Did Jay Howell, the Dodgers’ ace reliever, have the best RE last season? No. Surprisingly, Ricky Horton, a left-hander who failed to live up to the Dodgers’ expectations and is now with the St. Louis Cardinals, proved to be in top form when he came into the game with runners on base. Horton’s ERA was an ugly 5.06, but his RE was a strong .63.
“Horton was the best? That is surprising. Very surprising,” said Dodger announcer Ross Porter, a well-known purveyor of baseball numbers. A stat that suggested Horton was somehow better than Howell, he suggested, has credibility problems.
“Unless you’re Ricky Horton,” Porter added. “Then you say it shows how important I am and you use it at (a salary) arbitration hearing.”

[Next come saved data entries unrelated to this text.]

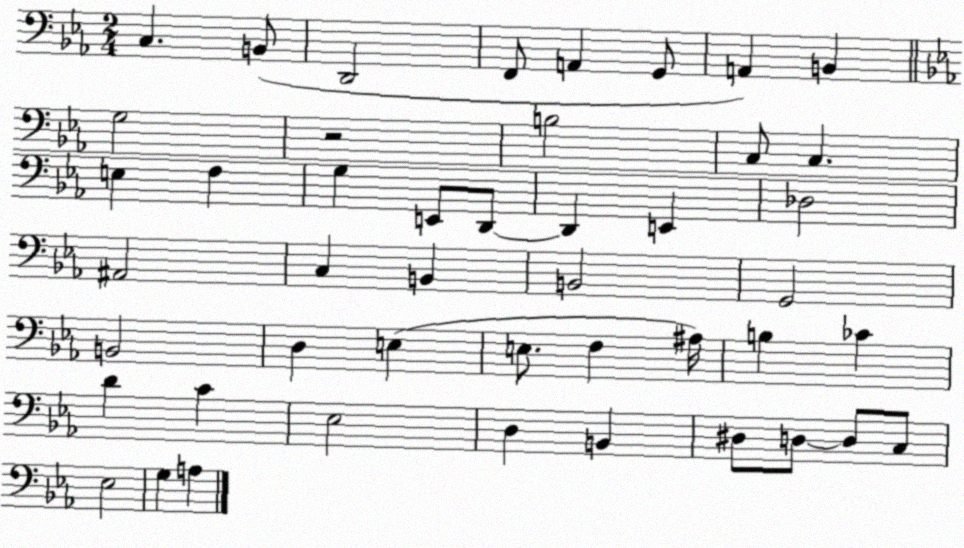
X:1
T:Untitled
M:2/4
L:1/4
K:Eb
C, B,,/2 D,,2 F,,/2 A,, G,,/2 A,, B,, G,2 z2 B,2 C,/2 C, E, F, G, E,,/2 D,,/2 D,, E,, _D,2 ^A,,2 C, B,, B,,2 G,,2 B,,2 D, E, E,/2 F, ^A,/4 B, _C D C _E,2 D, B,, ^D,/2 D,/2 D,/2 C,/2 _E,2 G, A,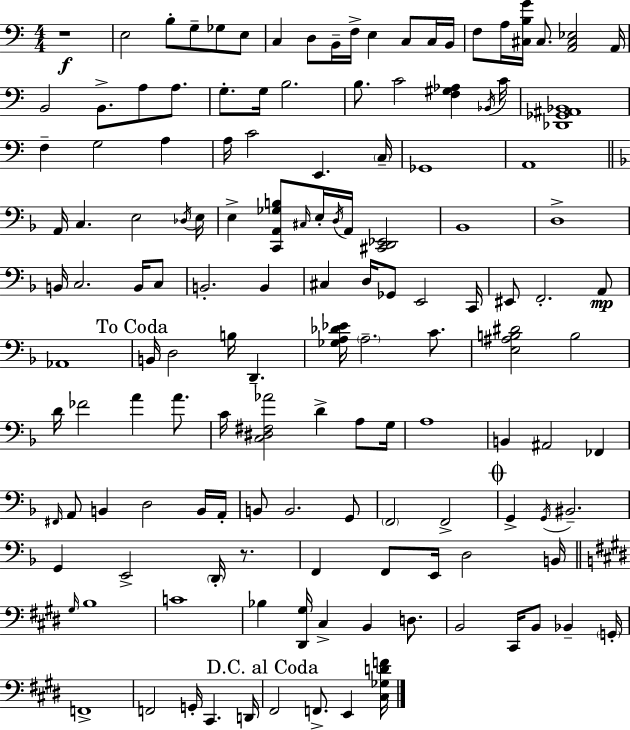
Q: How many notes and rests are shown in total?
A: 138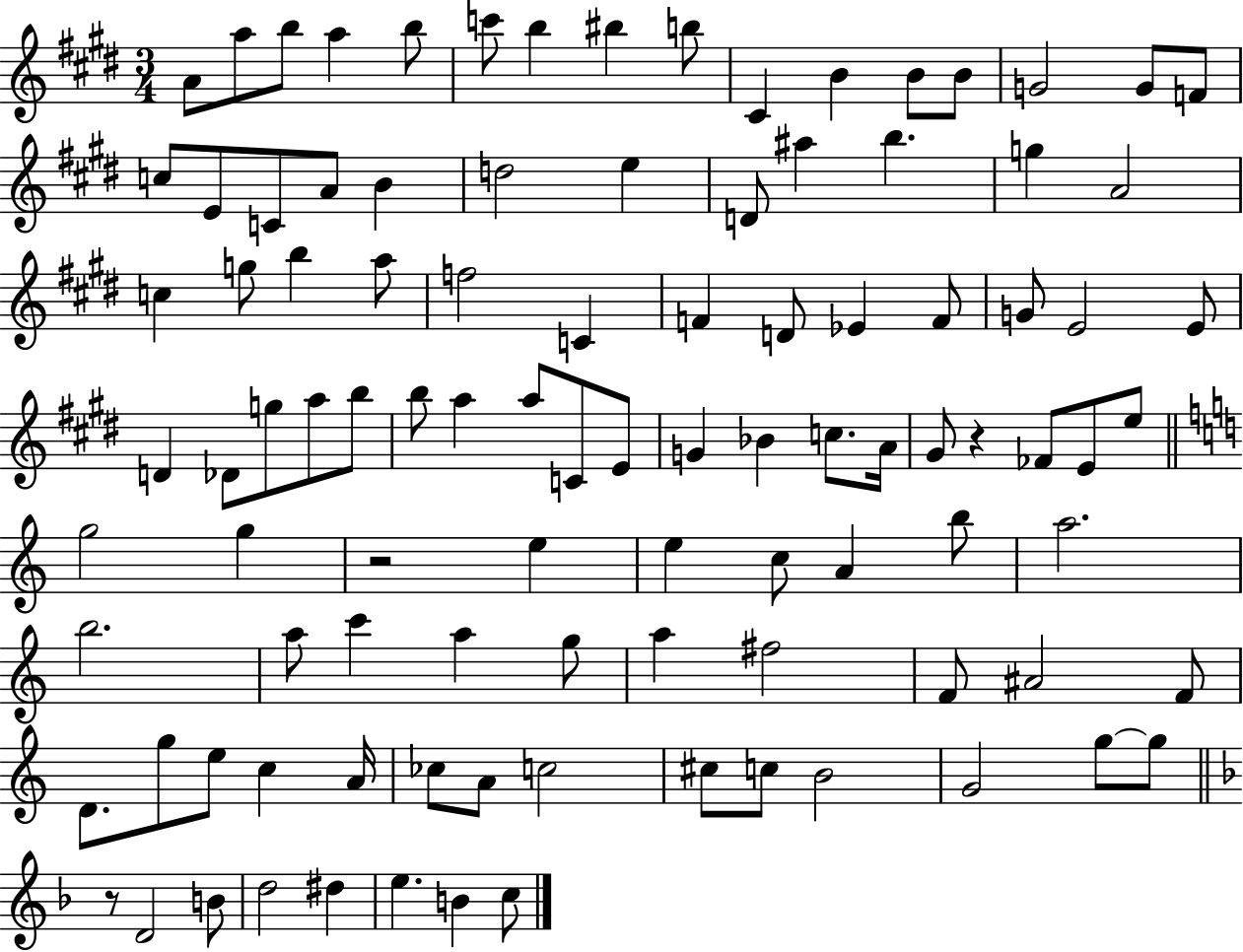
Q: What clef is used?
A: treble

Dodger pitcher John Wetteland quickly pointed out that the stat would not take into account certain strategic situations in which a team with a big lead would be willing to allow runs to score if they are able to get an out. Porter suggested it also cannot account for the emotional element of game--a circumstance, say, in which a pitcher like Crews is called in to “mop up” in a losing cause.
All in all, though, Wetteland seemed impressed with Kaplan’s work.
“I like it,” he said. “It’s amazing how stats can lie. But this really puts a lot of things in perspective.”
Wetteland, who is now struggling with an ERA of 7.82, was supposed to start that day, but he had the flu. His replacement was Crews. He pitched four innings, giving up two runs, one earned. The Dodgers lost, 8-3, and Crews was charged with the loss.
Although he follows the Dodgers, Kaplan’s favorite team is the Mets. Before he entered Caltech, Kaplan achieved a measure of notoriety as one of the original Shea Stadium “Coneheads.” Donning conical headdresses that made them look like alien invaders from an old “Saturday Night Live” skit, Kaplan, his brother Todd and their pals would cheer on Met pitcher David Cone. Their antics landed them on the highlights of Mel Allen’s “This Week In Baseball.”
A spokesman for the Orioles said Kaplan will be working with their chief statistician.
Kaplan will be back at Caltech in the fall, hitting the books and, come springtime, trying to hit, period.
Kaplan expects more playing time next year. That .000 batting average, he suggests, is not a true measure of his abilities. “Hey,” he said, “I fouled off a couple.”